(Records from a dataset)
-=-=-=-=-

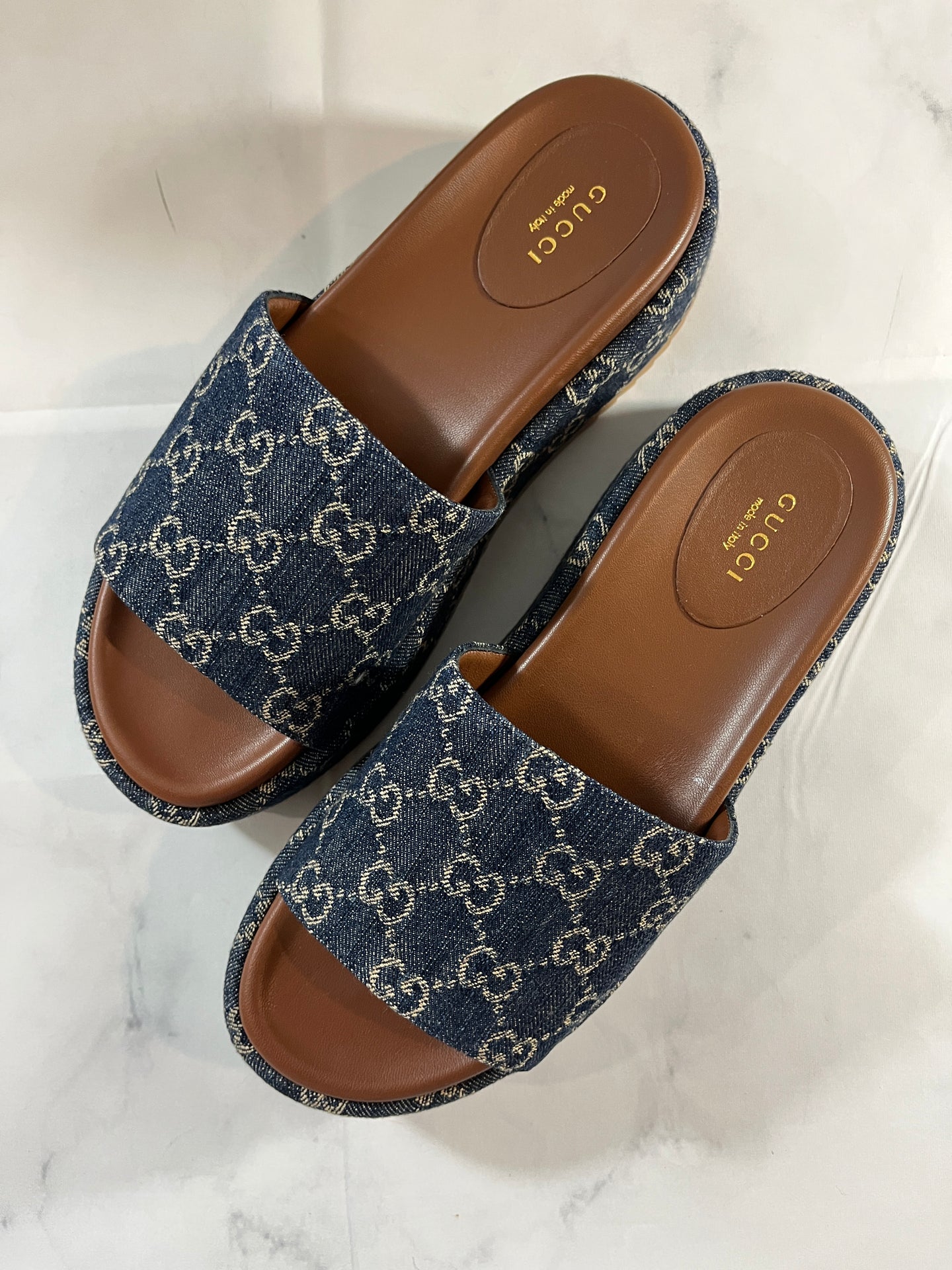 Gucci Denim Platform Slide Sandal
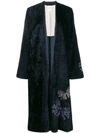 Forte Forte Embroidered Kaftan Coat In Blue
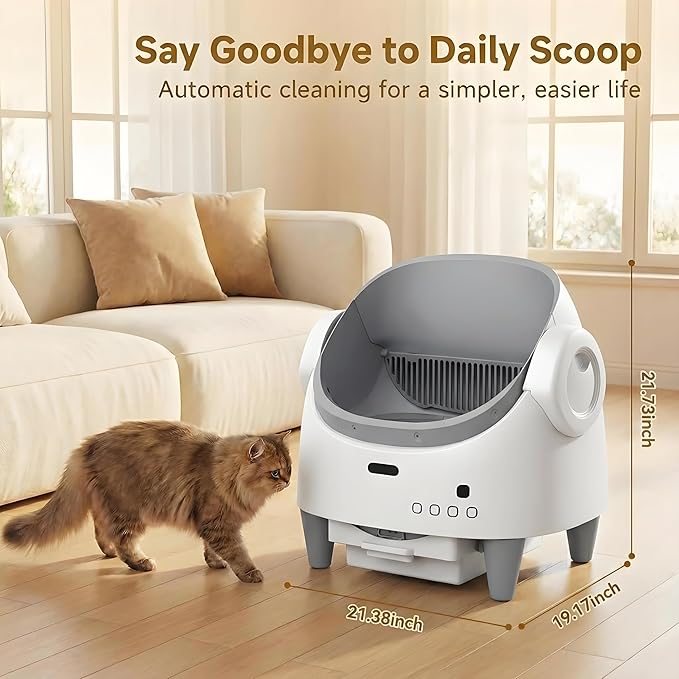 Open-Top Automatic Cat Litter Box, Self Cleaning Cat Litter Box with App Control & Weight Monitoring, 10.5L Large Capacity for Multiple Cats, Ultra-Quiet & Odor Control, 1 Rolls Refill Bags Included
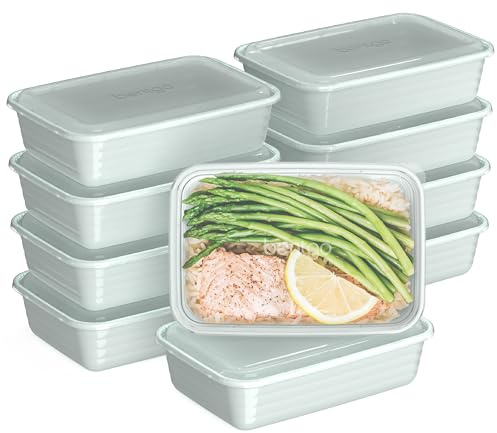 Bentgo Prep - 20-Piece 1-Compartment Reusable Meal Prep Containers with Lids, PFAS & BPA Free Materials, Durable, Microwave, Freezer, & Dishwasher Safe To Go Food Storage (Mint)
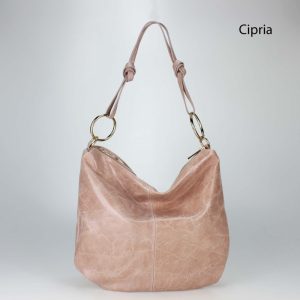 אקווילה תיק עור רצועת כתף ורוד איטלקי מיוצר באיטליה מעור וורה פלא cipria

-=-=-=-=-

A word-for-word repeat is expected of the lines from the one with "Open-Top Automatic Cat" to the end of the data, both included; pictures are not part of it.

 Open-Top Automatic Cat Litter Box, Self Cleaning Cat Litter Box with App Control & Weight Monitoring, 10.5L Large Capacity for Multiple Cats, Ultra-Quiet & Odor Control, 1 Rolls Refill Bags Included
 Bentgo Prep - 20-Piece 1-Compartment Reusable Meal Prep Containers with Lids, PFAS & BPA Free Materials, Durable, Microwave, Freezer, & Dishwasher Safe To Go Food Storage (Mint)
 אקווילה תיק עור רצועת כתף ורוד איטלקי מיוצר באיטליה מעור וורה פלא cipria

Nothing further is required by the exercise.